I'm a computer guy. I've been programming since the early 80s, starting with BASIC on a Commodore Pet. I've worked on HPUX, BSD and various other *nix as well as Windows since 3.0. My new work provides Apple laptops, but I've never learned to use a Mac. How hard can it be?

Tuesday, April 1, 2014

Java Refresh and Photography

I admit that this is not particularly Mac related, but I've started playing with Java.  And, no, as a friend of mine asked, nothing to do with either Peet's or Starbucks.  Owing to the jobs I've had the last several years, I hadn't written a line of code in over 7 years, until today.  Maybe that's a slight exaggeration.  I may have done some programming in the first several months of the job I held from 2006-2013, but I don't think so.  If I did, then it has only been over 6 years.

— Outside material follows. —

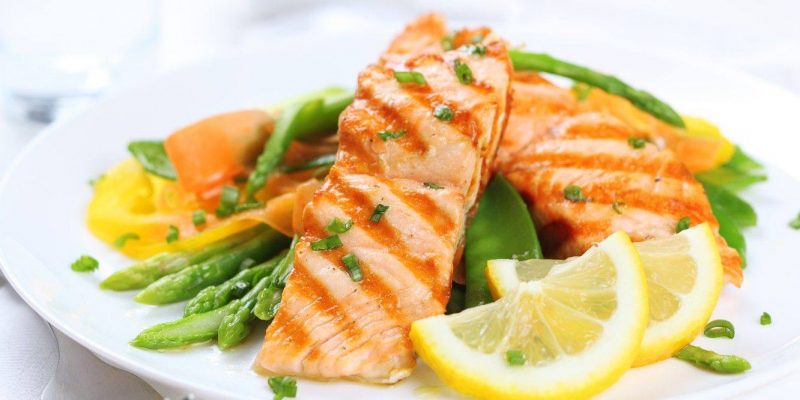 healthy fish dishes recipes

Anyway, I decided today, while waiting for some processes to finish and, literally, having no other "work" to do, that it was time to start programming again.  One of the jobs I am considering taking may have some programming in Java, Javascript, Coffee, Pig, and or Python.  Of those, I've heard of 3 and used 2, one of them (Java) extensively.  I hadn't even heard of Coffee or Pig before.

I am also a photographer.  I call myself semi-pro - I'm fairly good, and I have gotten to the point of having decent equipment, but I don't do a lot with the many many pictures I take, I've almost no skill with in depth photo editing, and I don't shoot RAW.  See?  Semi-pro.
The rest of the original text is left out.